Depends on how repeatable you need it to be- putting a sharpie mark on the dial would be a simple way.  Or, if you want more precision you could install one of the inexpensive aftermarket tachs which would give a direct speed readout
-Mark
You could also plug the lathe into a power strip and turn it on and off that way and leave the speed control in one position- however,
some lathe controllers need the user to turn the control to zero at each start up so that may not work for you


----------



## Mitch Alsup (Oct 26, 2022)

Simple, put an On-Off switch in front of the speed control but after the contactors (if any).

{Although your typical speed controller changes speed a little bit with temperature and definitely with load...}


----------



## dml66 (Oct 26, 2022)

markba633csi said:


> Depends on how close to the speed you need to be- putting a sharpie mark on the dial would be a simple way.  Or, if you want more precision you could install one of the inexpensive aftermarket tachs which would give a direct speed readout
> -Mark


Thanks. The machine has a tach already which was installed by the previous owner.

What I'm most after is not having to think about the speed; just on and off.
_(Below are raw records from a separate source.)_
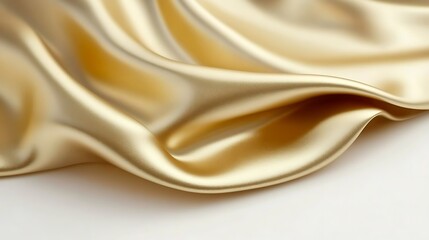 Poster - Golden fabric draped smoothly with elegant folds and beautiful sheen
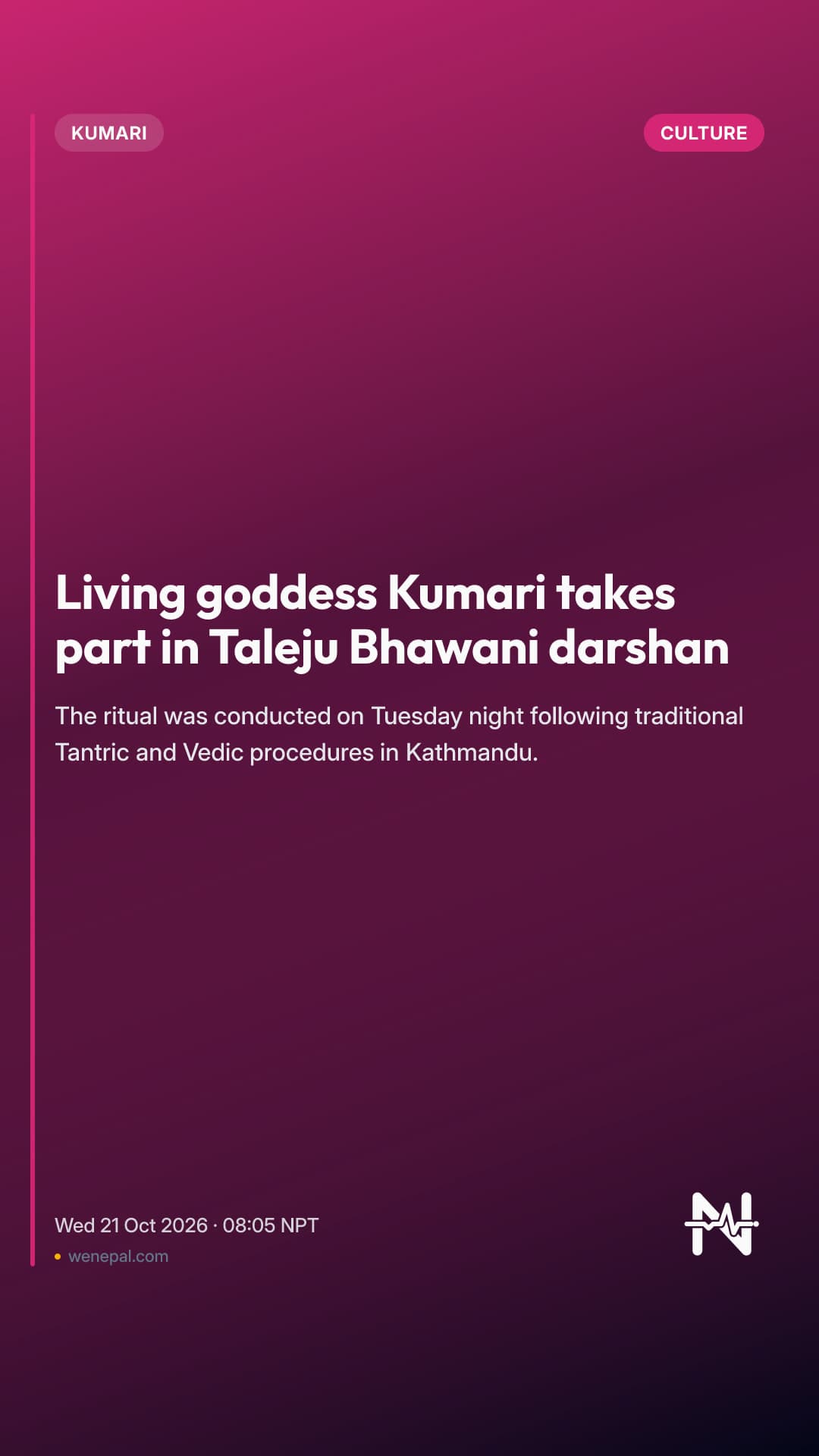Living goddess Kumari takes part in Taleju Bhawani darshan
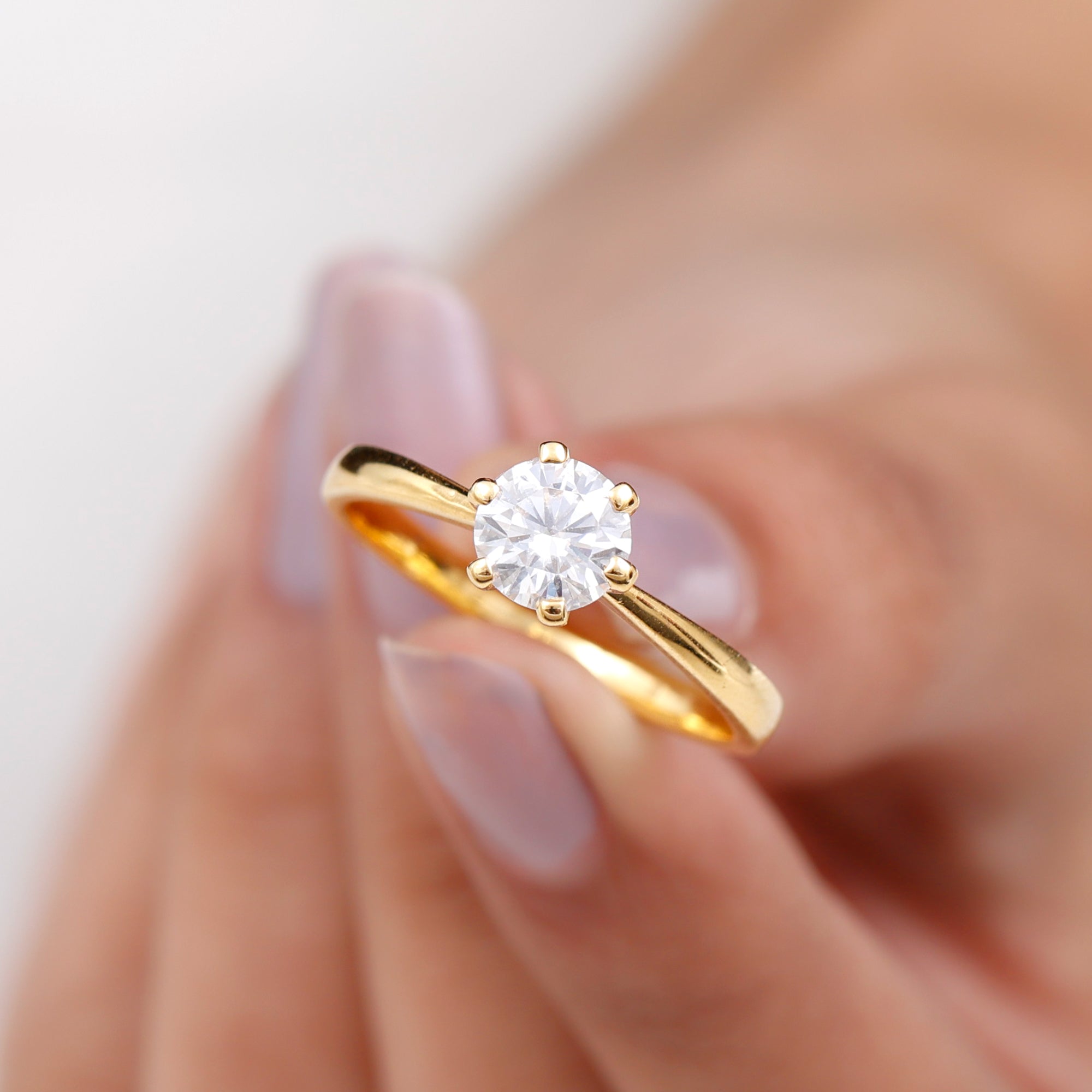 Rosec Jewels-Brilliant Cut Lab Grown Diamond Solitaire Engagement Ring With 6 Prongs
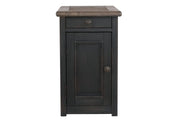 Tyler Creek Grayish Brown/Black Chairside End Table with USB Ports & Outlets - Gate FurnitureEnd Table Chair Side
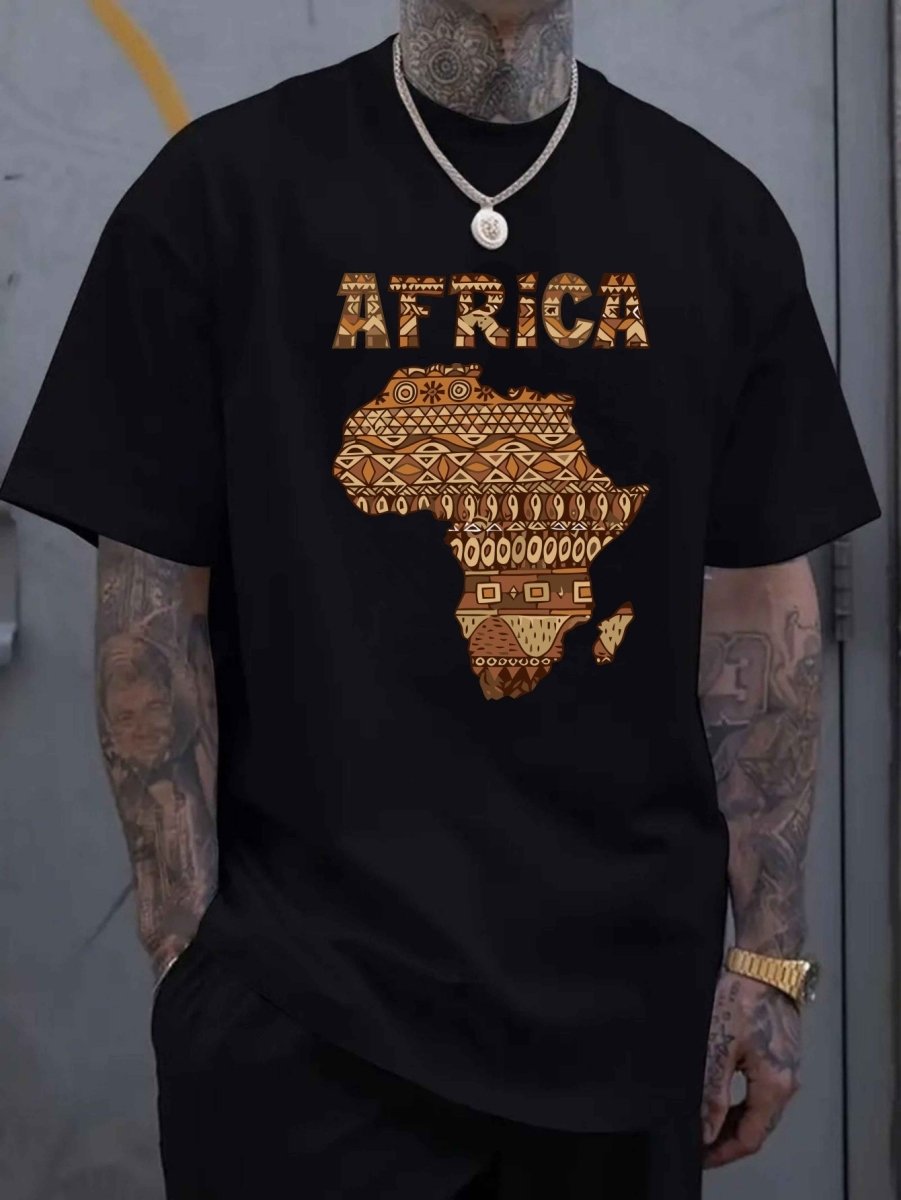 Large Size Men's Casual T-Shirt - Polyester Knit Fabric, Slightly Stretchy Loose Fit Short Sleeve, Africa Graphic Print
If the speed varies +/- 10 rpm or so each time, that's fine. I have enough other turning operations I need to focus on, I don't want spindle speed to be one of them.


----------



## dml66 (Oct 26, 2022)

Mitch Alsup said:


> Simple, put an On-Off switch in front of the speed control but after the contactors (if any).
> 
> {Although your typical speed controller changes speed a little bit with temperature and definitely with load...}


That sounds like it would be just what I need, I'll examine the switch further to see if I can make it work as outlined.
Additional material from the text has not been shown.